Den Präsidenten der deutsch-französischen Industrie- und Handelskammer, Guy Maugis, überrascht die große Mobilisierung nicht. Die Stadt Rodez sei tatsächlich emblematisch. Dort seien nicht nur die radikalen Gewerkschaften CGT und Sud stark, auch die Zukunftsängste seien besonders groß. Der größte Arbeitgeber der Stadt ist das deutsche Unternehmen Bosch. In seiner Zeit als Präsident von Bosch Frankreich hat Maugis 2004 den Standort gerettet, stattdessen gab es einen Personalabbau in Stuttgart. „Das war klar eine soziale Maßnahme“, sagt Maugis. „La Bosch“, wie die Leute in Rodez sagen, fertigt ausschließlich Komponenten für Dieselmotoren, die im Zuge der Verkehrswende immer weniger ge­fragt sind. 700 der 1200 Stellen sollen bis 2025 wegfallen. Obwohl sich der Strukturwandel lange ankündigte, trifft er Ro­dez unvorbereitet.

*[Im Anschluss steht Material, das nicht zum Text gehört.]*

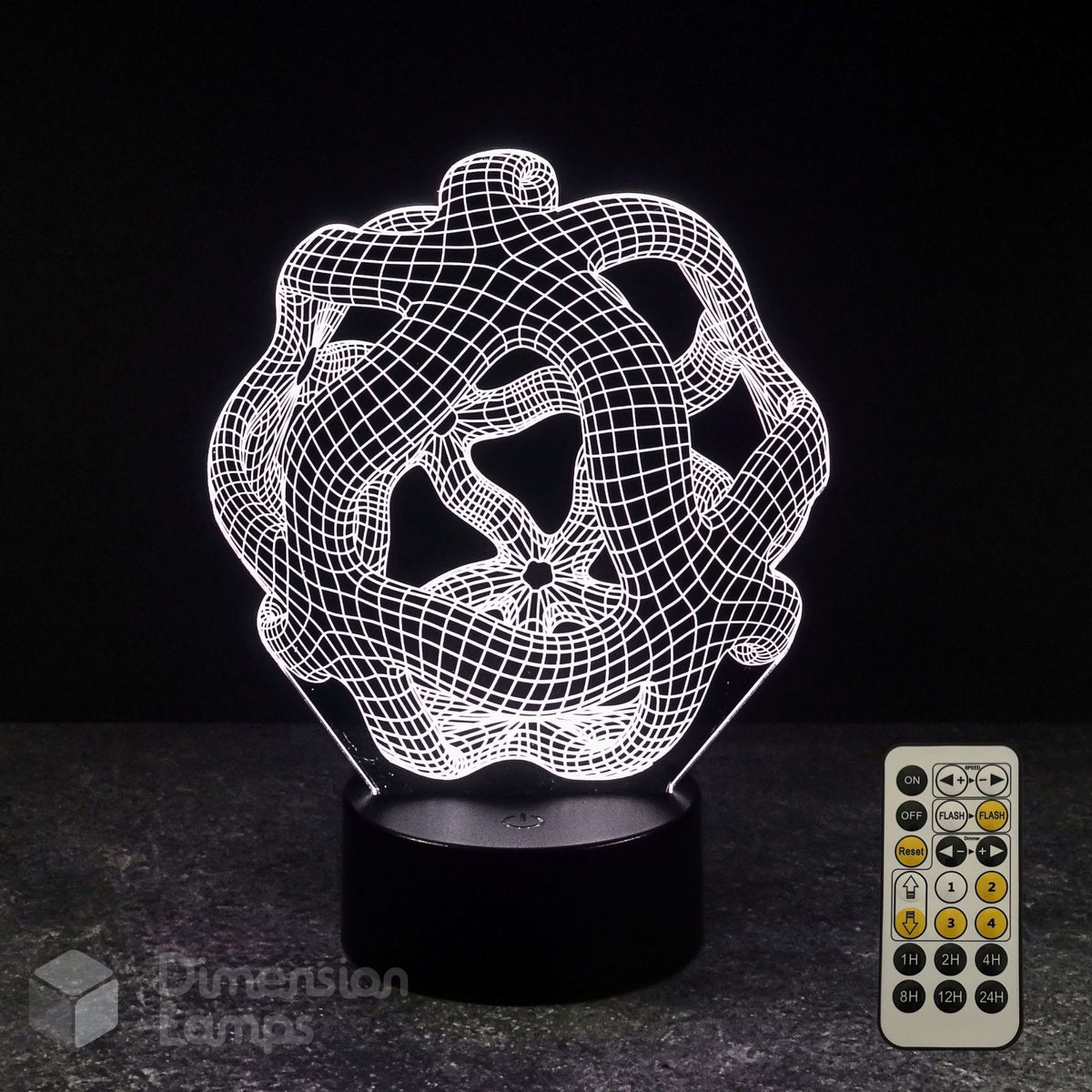 A 3D optical illusion lamp with a white wireframe warped space design on a black base, shown alongside its 7 colour sleep timer remote control against a dark background.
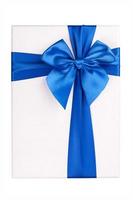 White gift Box with blue ribbon Isolated on white background photo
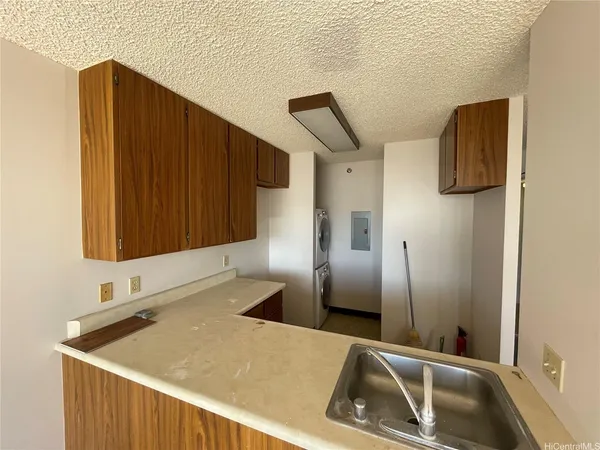 a bathroom with a sink and a shower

Die Liste der gut besuchten Demons­trationszüge abseits der Großstädte liest sich wie eine späte Bestätigung der Thesen des Geographen Christophe Guilloy. Die Franzosen des „peripheren und fragilen Frankreich“ bilden das Gros des Protests gegen die Rentenreform. Bei ihnen herrschte ohnehin schon das Gefühl vor, von der Politik vernachlässigt zu werden. Bahnverbindungen wurden eingestellt, Krankenhäuser, Gerichte oder Steuer­behörden geschlossen. Die Leute wähnen sich in einer Spirale des Niedergangs; und die Rentenreform wirkt auf sie, als würden sie einer sozialen Errungenschaft be­raubt.